EXERCISE GOAL: Would you copy exactly the lines in the data below from the one that has "Gasaustausch Pulmonale Aspekte" through the one that has "Cesarean Section Incisions, Illustration", dropping any pictures?

EXERCISE MATERIALS:
◇ ◇ ◇ ◇ ◇
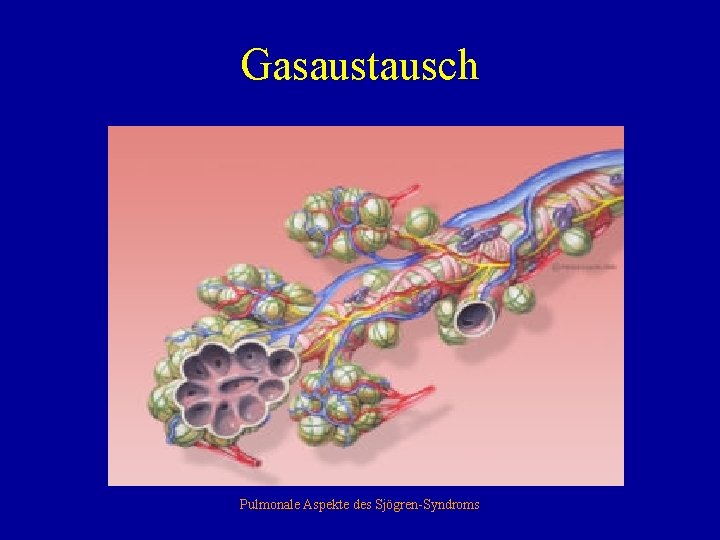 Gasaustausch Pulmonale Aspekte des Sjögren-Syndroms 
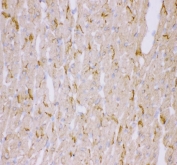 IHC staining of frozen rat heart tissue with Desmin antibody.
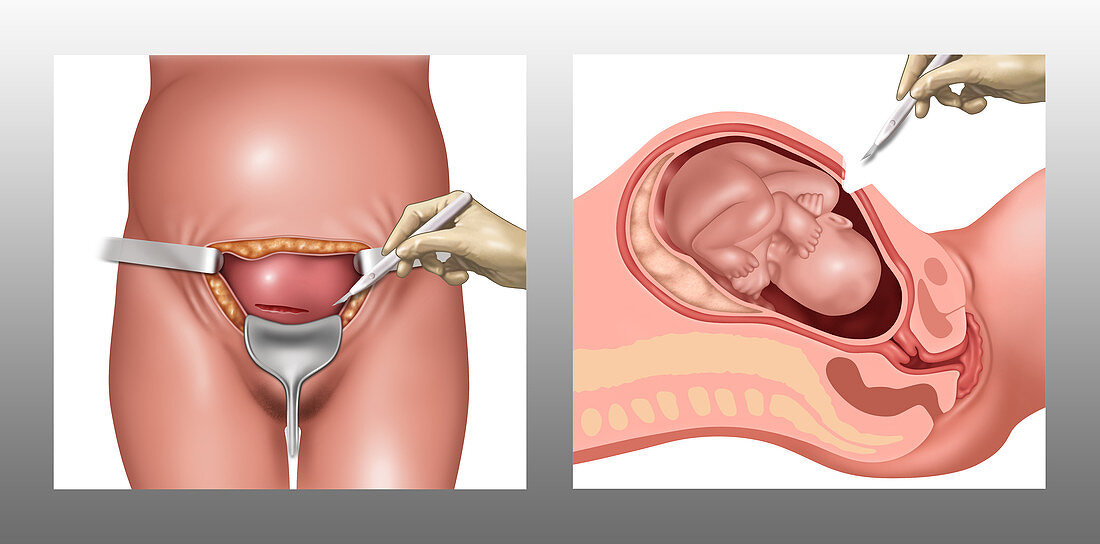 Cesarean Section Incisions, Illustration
◇ ◇ ◇ ◇ ◇
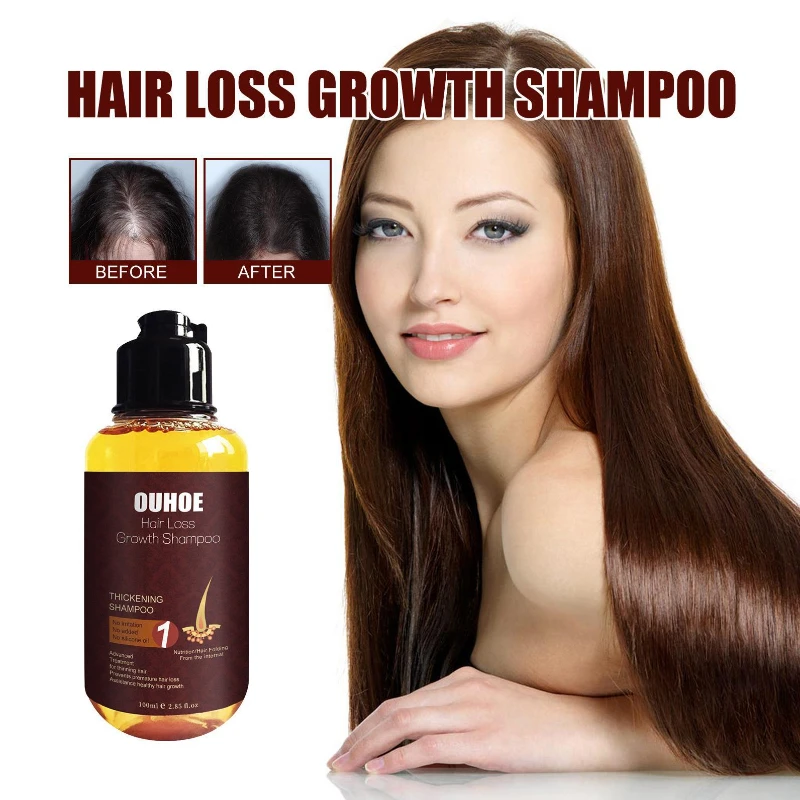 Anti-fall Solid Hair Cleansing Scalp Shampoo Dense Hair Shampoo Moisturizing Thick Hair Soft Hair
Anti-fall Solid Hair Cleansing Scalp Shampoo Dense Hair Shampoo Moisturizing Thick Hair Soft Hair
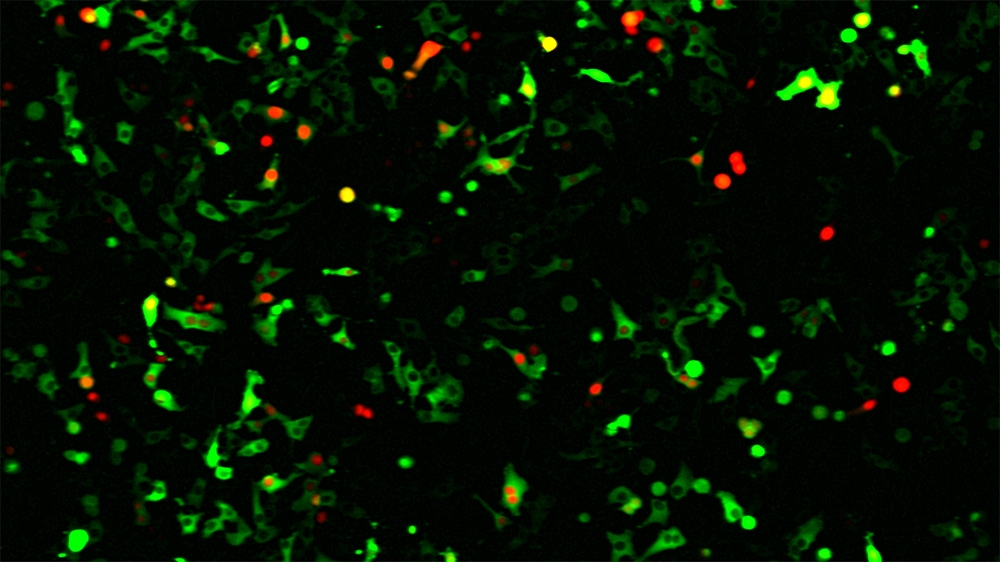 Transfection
◇ ◇ ◇ ◇ ◇
ANSWER TO THE EXERCISE:
 Gasaustausch Pulmonale Aspekte des Sjögren-Syndroms 
 IHC staining of frozen rat heart tissue with Desmin antibody.
 Cesarean Section Incisions, Illustration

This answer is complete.